Problem statement: In the records below, find the line containing "Plus Size Orange" and transcribe it and every line after it exactly; leave the pictures out.

#####

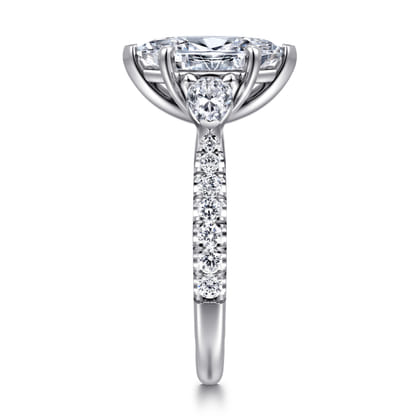 Abina - 14K White Gold Marquise Shape Three Stone Diamond Engagement Ring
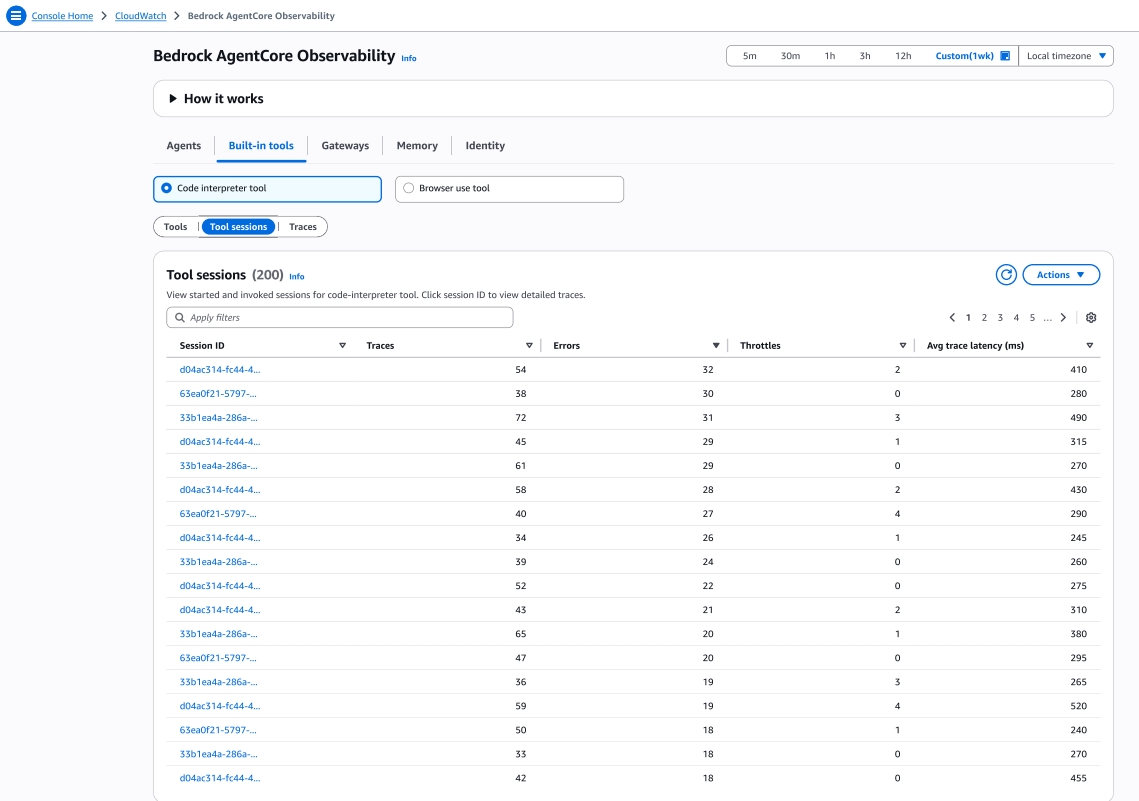 도구 세션 보기
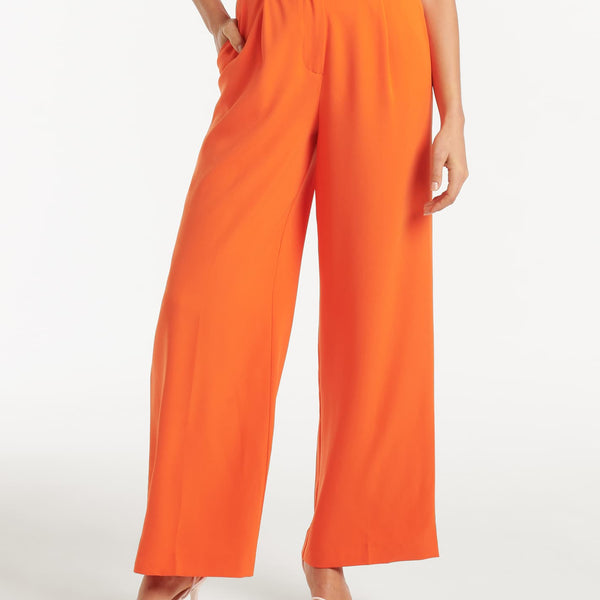 Plus Size Orange Floral Print Tie Wide Leg Trousers | Yours Clothing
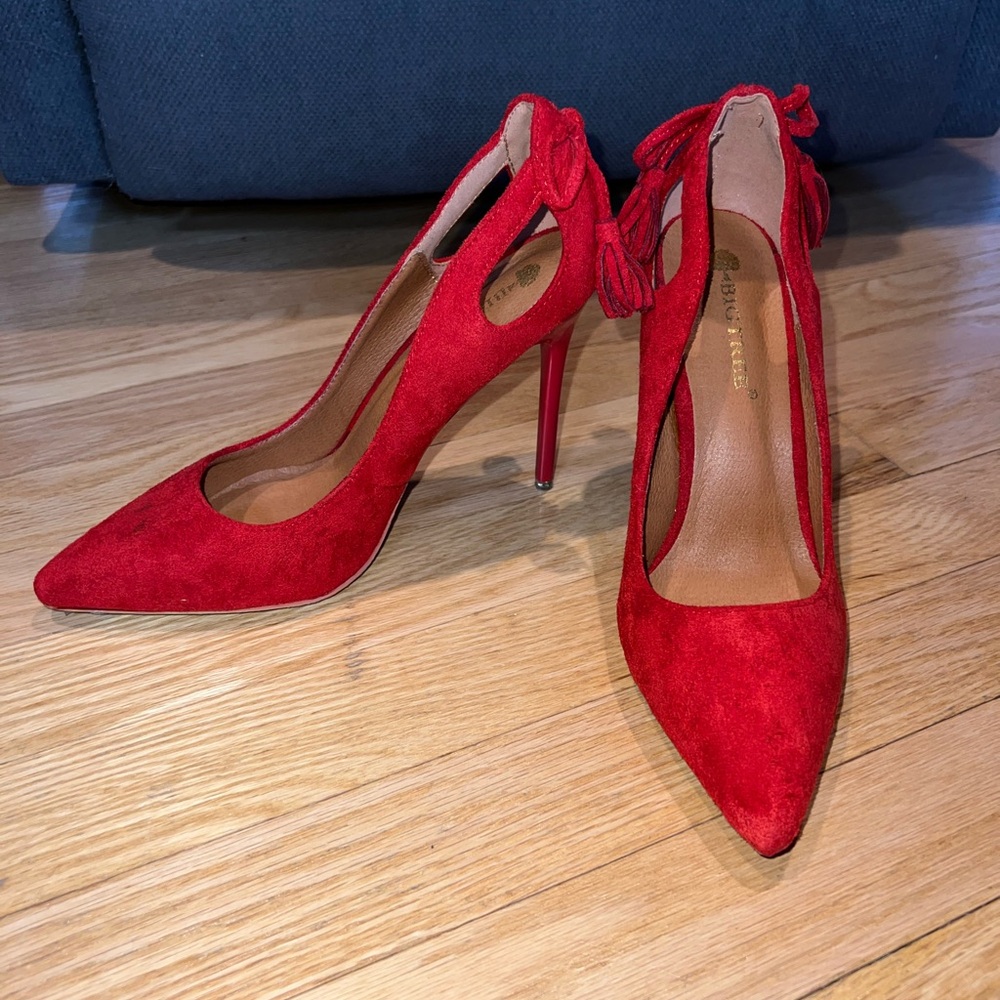Elegant Red Suede Heels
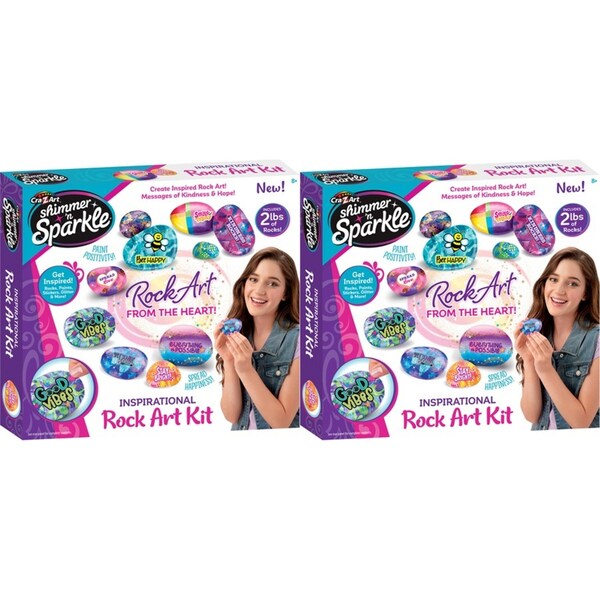 2x Shimmer 'n Sparkle Kids/Children Inspirational Rock Art DIY Craft Kit Set 8y+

#####

Answer space:
 Plus Size Orange Floral Print Tie Wide Leg Trousers | Yours Clothing
Elegant Red Suede Heels
 2x Shimmer 'n Sparkle Kids/Children Inspirational Rock Art DIY Craft Kit Set 8y+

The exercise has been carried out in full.